But having followed the prime minister, at home and abroad, for the nearly 19 months of his time in office, he has now set out his vision for foreign policy – and begun to match it with actions and visits.

“We have to engage with this volatile world” is how he summarised his approach when I spoke to him. “I don’t think I have known a time when what is happening internationally is impacting what is going on back home so directly.”

He is stung and irritated by the label lobbed at him by critics who describe him as “never here Keir” because of the number of foreign trips he does.

He has notably tried to push back on this trip, repeatedly talking about how events overseas have a bearing on the cost of living at home.
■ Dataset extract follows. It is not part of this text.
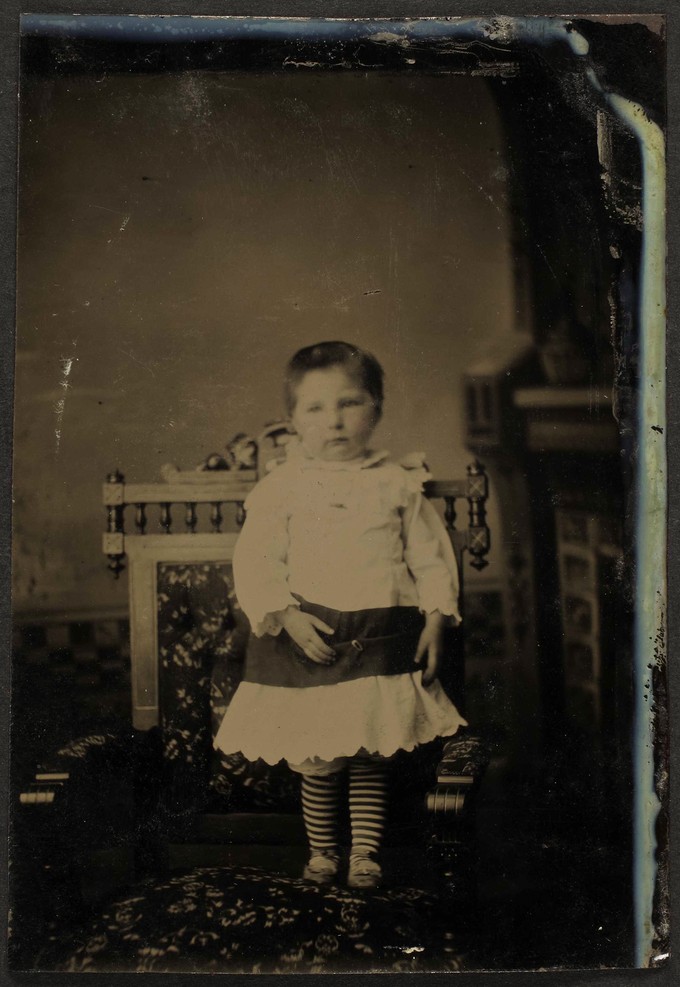 Unknown sitter [portrait of a standing infant in striped tights]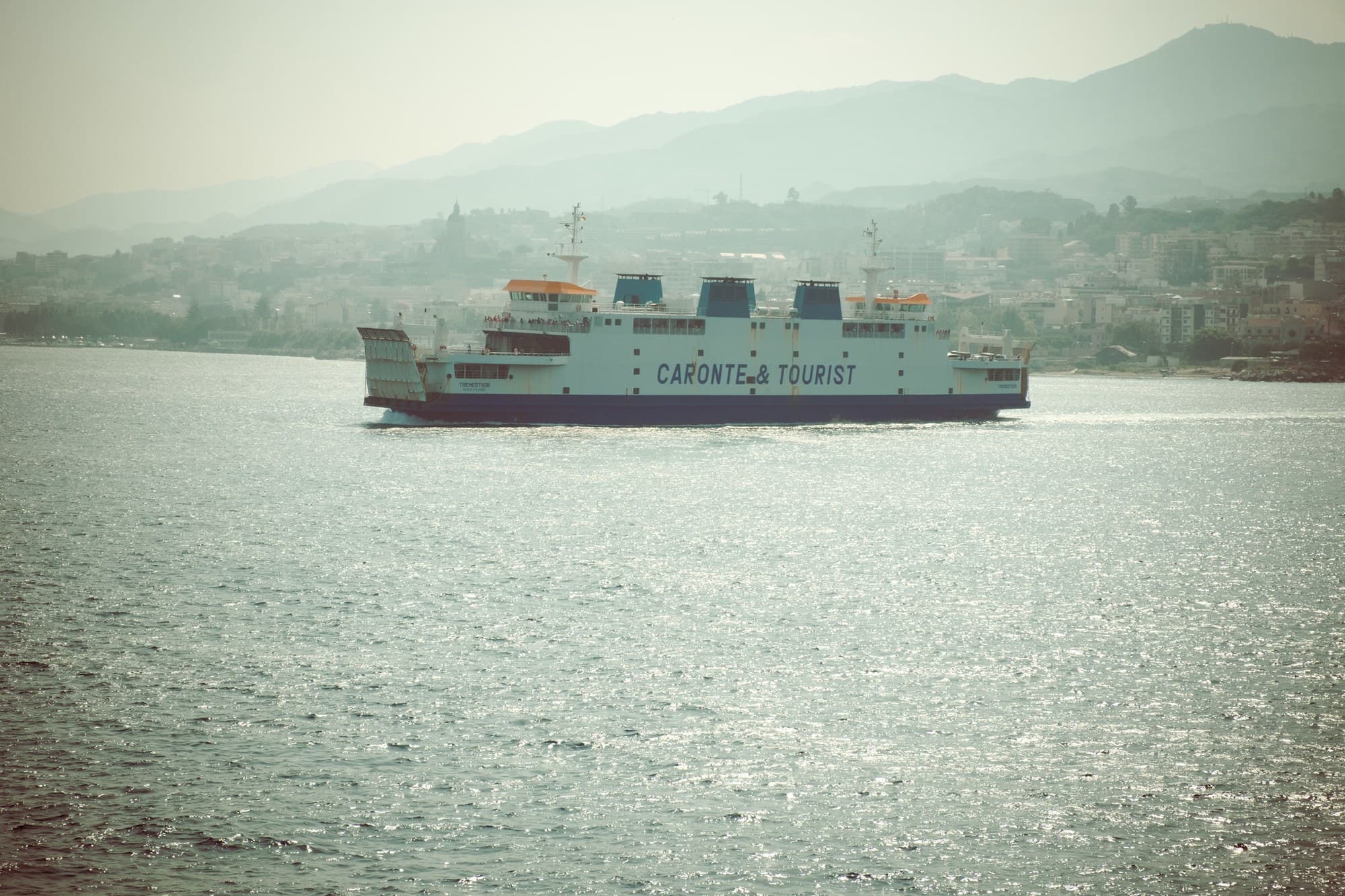 A ferry crossing the Strait of Messina, Calabria's hills behind.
He even made a reference to prices in the supermarkets when he was talking to President Xi in the Great Hall of the People.

Sir Keir has sought a close relationship with President Trump and secured it. For now at least. This is grounded in being judicious in his public remarks and only criticising the president when he thinks it is absolutely essential, such as recently over Greenland and the British troops killed and injured in Afghanistan.

He describes the UK as having “reset” its relationship with the European Union post-Brexit and has done a trade deal with India. And now, here he is in China.

Inevitably, if he leans too far in one direction, it limits his options in another. Rejoin the EU’s customs union, and those trade deals with others would be gone, as he points out to his Labour colleagues who have called for just that.

Be seen to get too close to China, and prepare for the verbal hairdryer from the White House.

The trade-offs are legion.

“I’m a pragmatist, a British pragmatist, applying common sense,” the prime minister told us on the plane, saying his desire was to “make Britain face outwards again.”

Outwards and in multiple directions is his approach, moving incrementally.